Theo’s character arc demonstrates how trauma survivors must become active agents in their own recovery, refusing to accept the sanitized versions of truth that powerful people construct to protect themselves. Her increasing boldness in exploring the Dragonfly cabin and confronting family members about Liam’s death represents her transformation from a passive victim into someone who demands that her story be acknowledged. Marshall uses Theo to critique how economic inequality facilitates erasure, as the wealthy use their power to erase the stories of those they have harmed, but Theo’s engagement to Connor temporarily grants her enough proximity to power that she can begin to challenge the official narrative, even as that same proximity puts her in mortal danger.

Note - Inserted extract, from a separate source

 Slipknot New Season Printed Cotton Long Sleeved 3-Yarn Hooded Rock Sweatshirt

Connor functions as both a deuteragonist and an unwitting antagonist, representing the complex intersection of genuine love and systemic privilege that characterizes wealthy families’ relationships with outsiders. Marshall presents him as a dynamic character whose fundamental goodness is undermined by his complicity in his family’s mechanisms of truth suppression. His defining trait throughout most of the novel is his desperate need to maintain his idealized version of his father, Liam, which requires him to actively suppress inconvenient truths about his family’s past. This willful ignorance extends to his relationship with Theo—while his love for her appears genuine, his decision to track her down through Harper’s art show without revealing this deception demonstrates how even well-intentioned members of powerful families participate in controlling narratives and manipulating others.
Connor’s character embodies The Thin Line Between Loyalty and Complicity, as his devotion to preserving his father’s memory initially prevents him from recognizing the harm that his family has caused. His gentle, worshipful treatment of Theo reflects both genuine affection and an unconscious attempt to repair his family’s damage, yet until the novel’s final chapters, he struggles to prioritize truth over family reputation. In the end, Connor chooses his love for Theo over his family’s self-protective lies. With Theo at his side, he forces his family to confront their secrets. His choice to take Theo’s surname symbolizes this radical shift in his priorities.

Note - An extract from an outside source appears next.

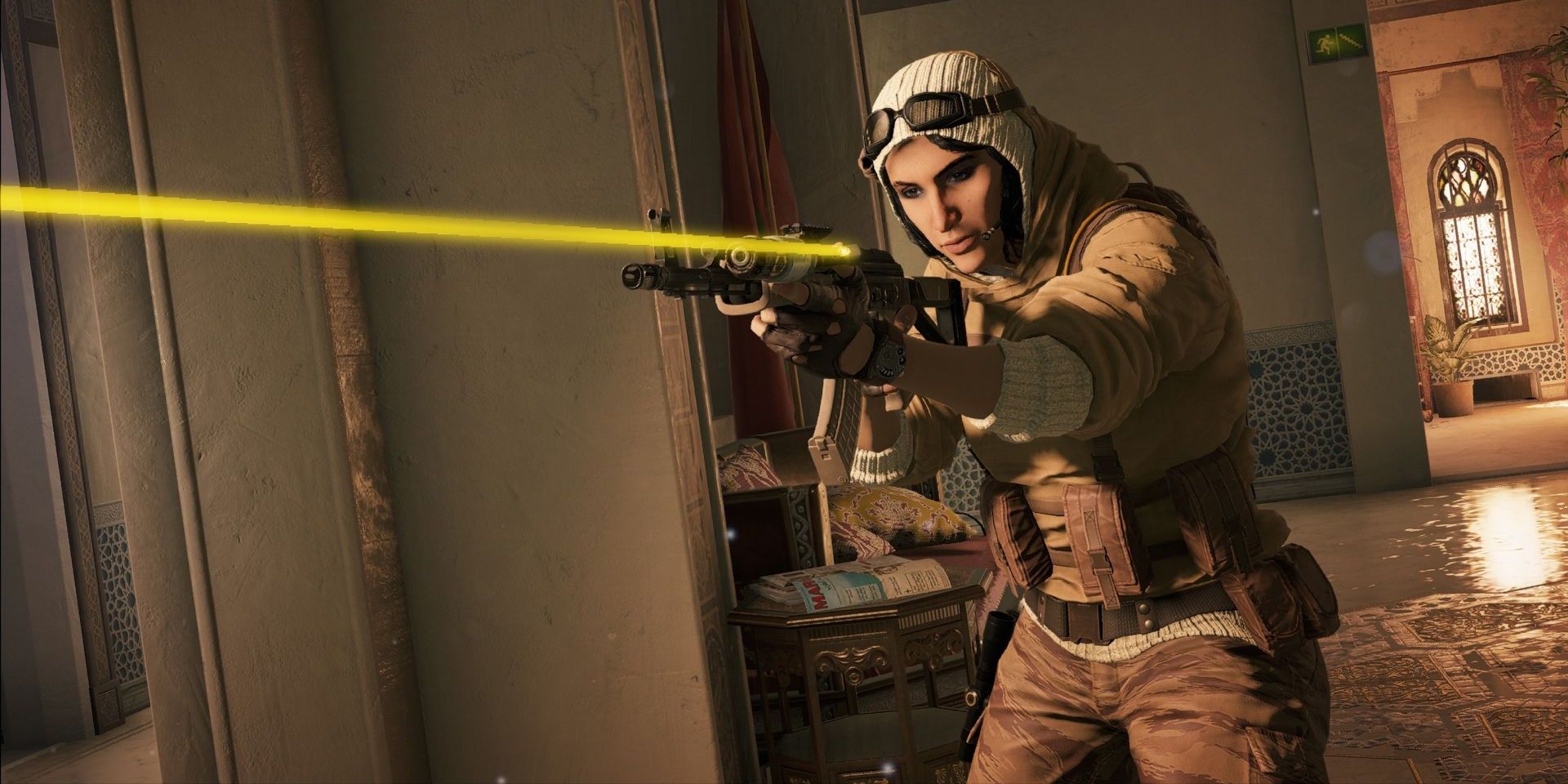 A screenshot showing Nomad in Rainbow Six Siege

Liam, though deceased throughout the novel’s present timeline, serves as a false antagonist, as the novel presents him as a villain whose actions continue to shape every character’s fate. He appears as the “antlered man” in Theo’s recurring nightmares, both a literal memory and a symbolic manifestation of masculine violence and predation. Marshall crafts him as a round character revealed through others’ conflicting memories—Connor’s idealized father-hero, Rose’s unfaithful husband, and Theo’s monstrous pursuer. Later events largely vindicate Connor’s idealized image of his father, as it is revealed that Liam did not have an affair with Mallory but instead only sought to protect her from Nick’s violent abuse. Though he initially appears threatening in Theo’s fractured memories, she discovers that he was trying to protect both her and her mother from Nick, the novel’s true villain.
Alexis serves as a complex secondary character whose fierce protectiveness masks deep trauma from what she was led to believe was her accidental killing of Mallory and her father’s subsequent (purported) suicide. Her defining traits include fierce intelligence, protective instincts, and a surprising capacity for empathy that she reveals in private conversations with Theo. Marshall presents her as a dynamic character whose initial hostility toward Theo gradually transforms into grudging respect.

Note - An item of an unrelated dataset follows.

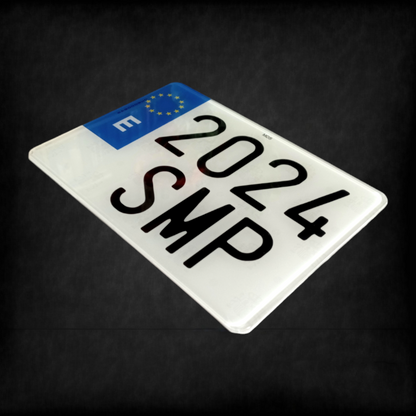 Matrícula motocicleta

Her relationship with Paloma provides crucial insight into how family secrets poison even healthy relationships, as her guilt over a moment of infidelity connects directly to her unresolved trauma about what she believes are her father’s betrayals. Her possession of photographs showing a bruised woman suggests that the family’s secrets have been as distressing for her as for anyone. The deepest secret of all pertains to her, as she has been led to believe that she killed Mallory and that her father died by suicide as a result of her actions. That both of these beliefs turn out to be false—engineered by Louise and Magnus—shows that she, too, is a victim of the family’s culture of secrecy.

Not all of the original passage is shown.